● **BRIEF**:
Exact transcript, pictures excluded: write out every record below.

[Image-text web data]

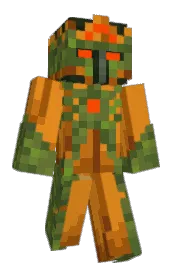 Skin preview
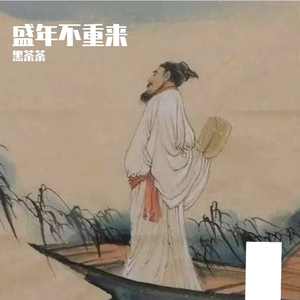 盛年不重来4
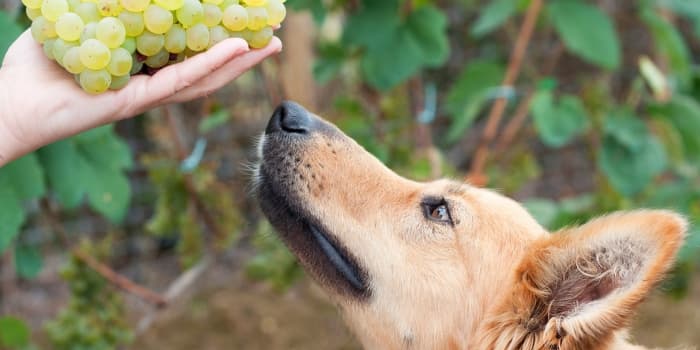 hund-schaut-auf-eine-hand-mit-weintrauben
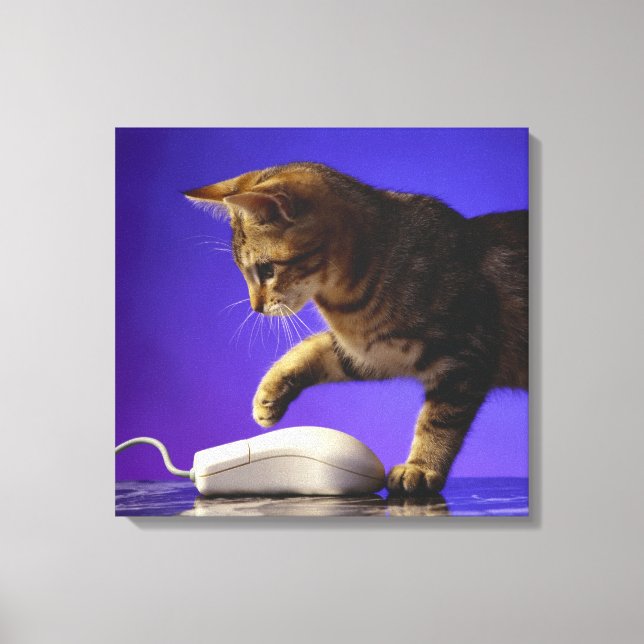 Kitten with computer mouse canvas print (Front)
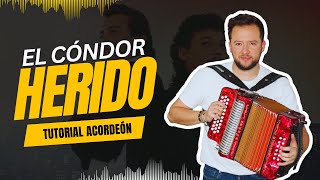 Tutorial acordeón vallenato  El condór herido Diomedes Diaz amp Juancho Rois [upl. by Quentin]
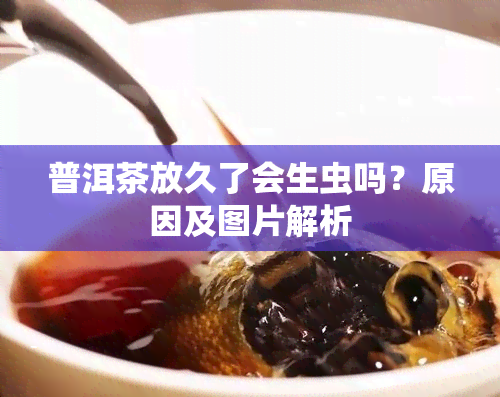 普洱茶放久了会生虫吗？原因及图片解析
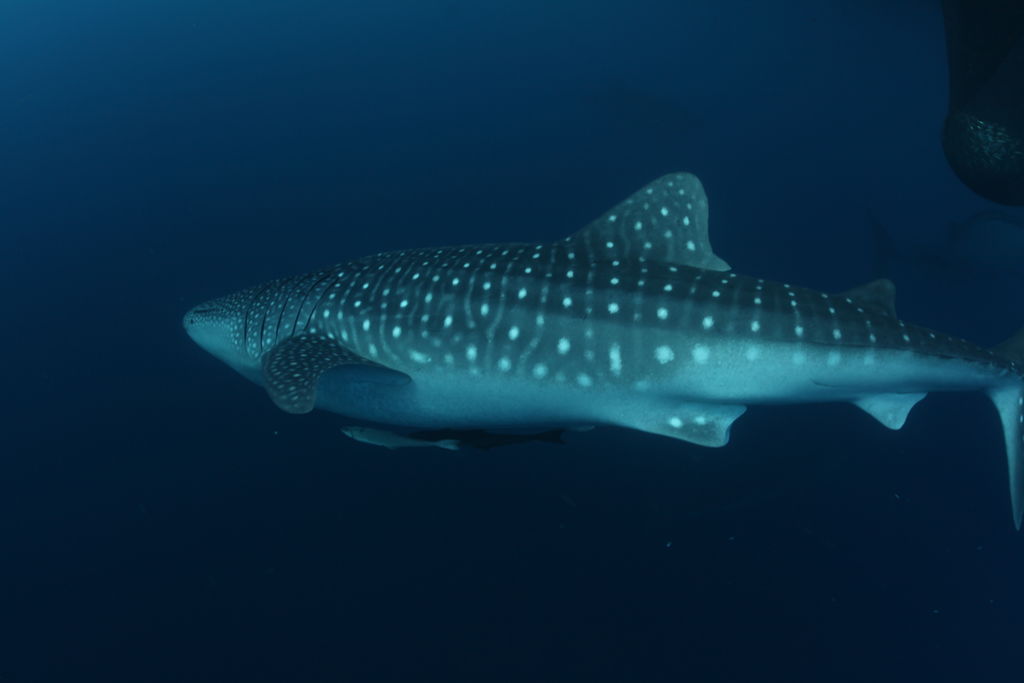 742d4923-4576-4487-8bd4-fbb44d9b1dab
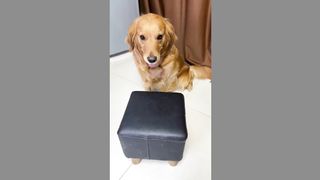 funny dog 17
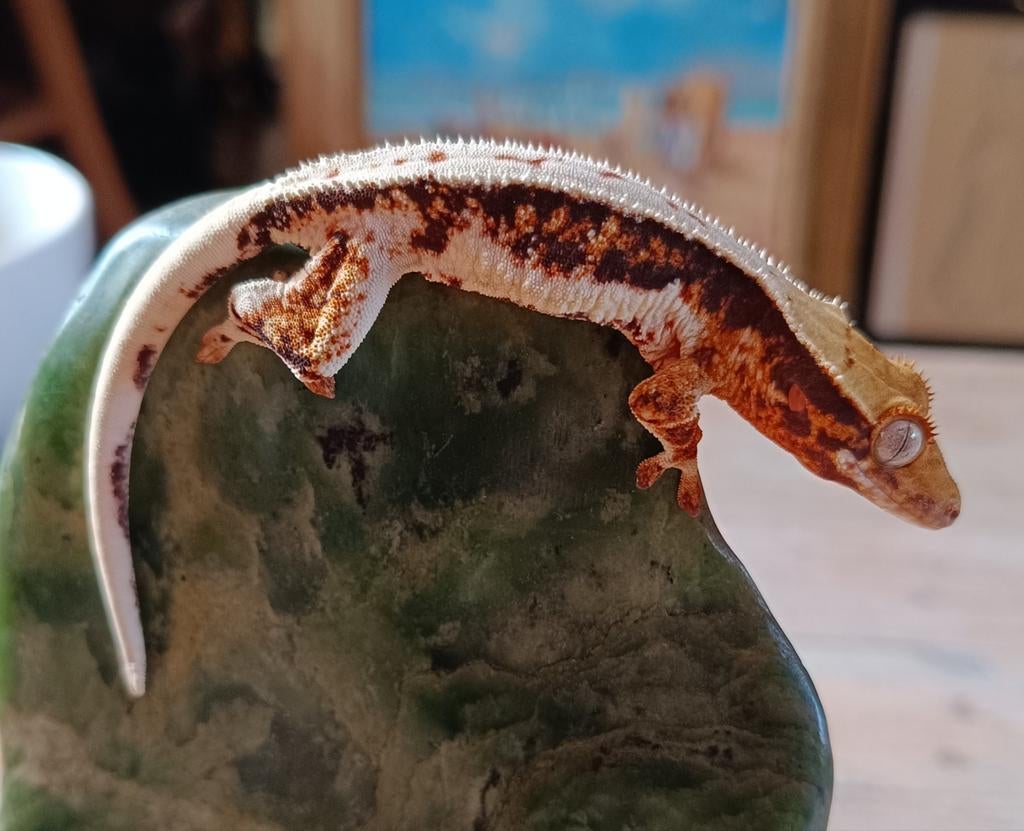 Wimpergekko nakweek 2025 pos fem Lillywhite Crested Gecko - female for sale from Sabrina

● **RESULT FOR THIS TASK**:
 Skin preview
 盛年不重来4
 hund-schaut-auf-eine-hand-mit-weintrauben
 Kitten with computer mouse canvas print (Front)
 Tutorial acordeón vallenato  El condór herido Diomedes Diaz amp Juancho Rois [upl. by Quentin]
 普洱茶放久了会生虫吗？原因及图片解析
 742d4923-4576-4487-8bd4-fbb44d9b1dab
 funny dog 17
 Wimpergekko nakweek 2025 pos fem Lillywhite Crested Gecko - female for sale from Sabrina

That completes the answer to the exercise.